**Data shown**
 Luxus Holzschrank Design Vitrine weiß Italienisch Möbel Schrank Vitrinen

--

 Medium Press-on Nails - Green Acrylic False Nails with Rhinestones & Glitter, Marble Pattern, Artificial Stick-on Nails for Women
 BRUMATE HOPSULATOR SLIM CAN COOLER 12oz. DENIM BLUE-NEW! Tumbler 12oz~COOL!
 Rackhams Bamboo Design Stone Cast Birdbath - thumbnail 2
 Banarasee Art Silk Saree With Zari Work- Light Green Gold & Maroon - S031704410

---

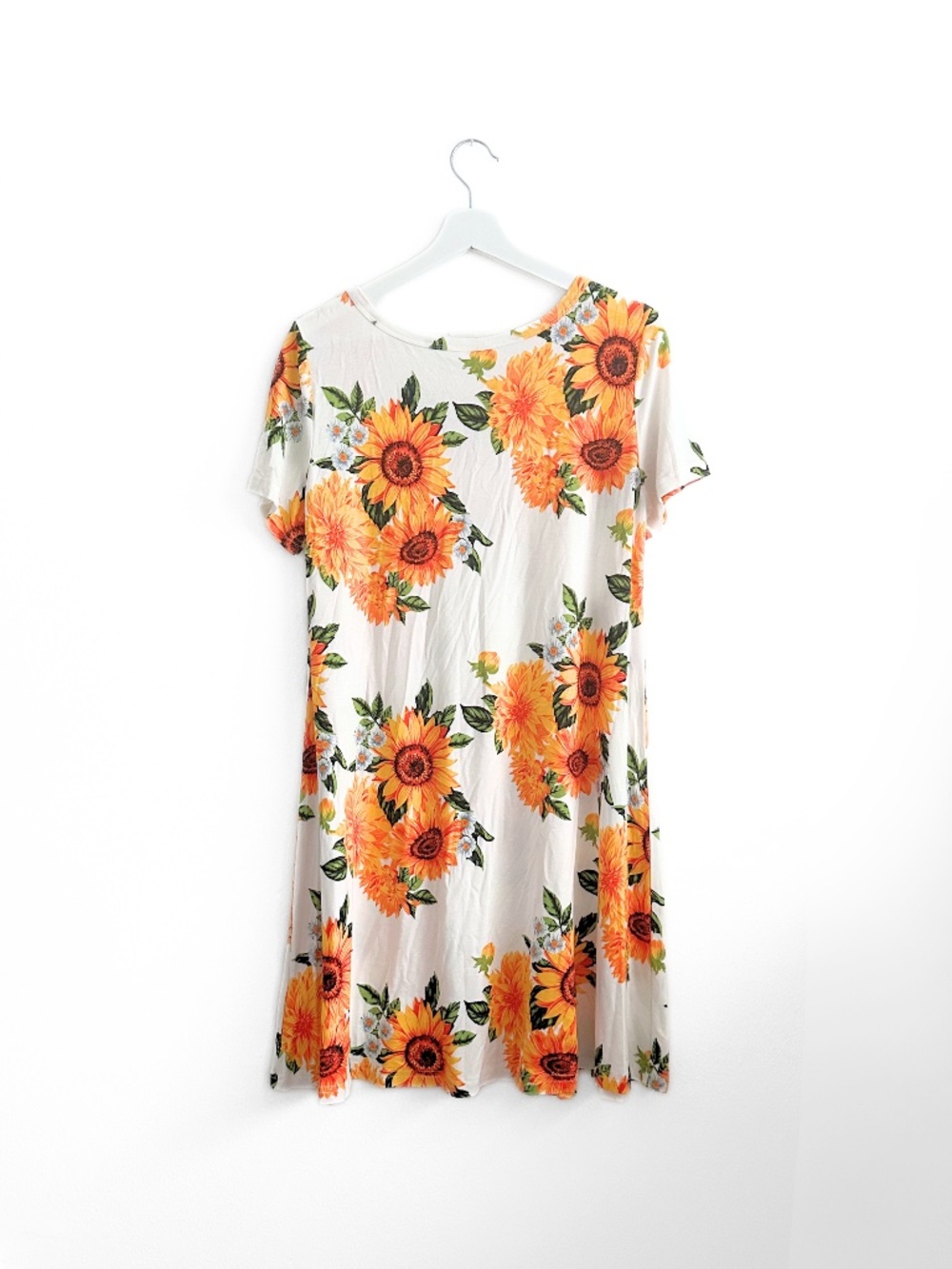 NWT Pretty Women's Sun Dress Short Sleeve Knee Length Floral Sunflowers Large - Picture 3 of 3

**Assignment**
Please give an exact copy of the entries above, from the line with "Medium Press-on Nails" down to the line with "Banarasee Art Silk", inclusive, and nothing else.

**Solution**
 Medium Press-on Nails - Green Acrylic False Nails with Rhinestones & Glitter, Marble Pattern, Artificial Stick-on Nails for Women
 BRUMATE HOPSULATOR SLIM CAN COOLER 12oz. DENIM BLUE-NEW! Tumbler 12oz~COOL!
 Rackhams Bamboo Design Stone Cast Birdbath - thumbnail 2
 Banarasee Art Silk Saree With Zari Work- Light Green Gold & Maroon - S031704410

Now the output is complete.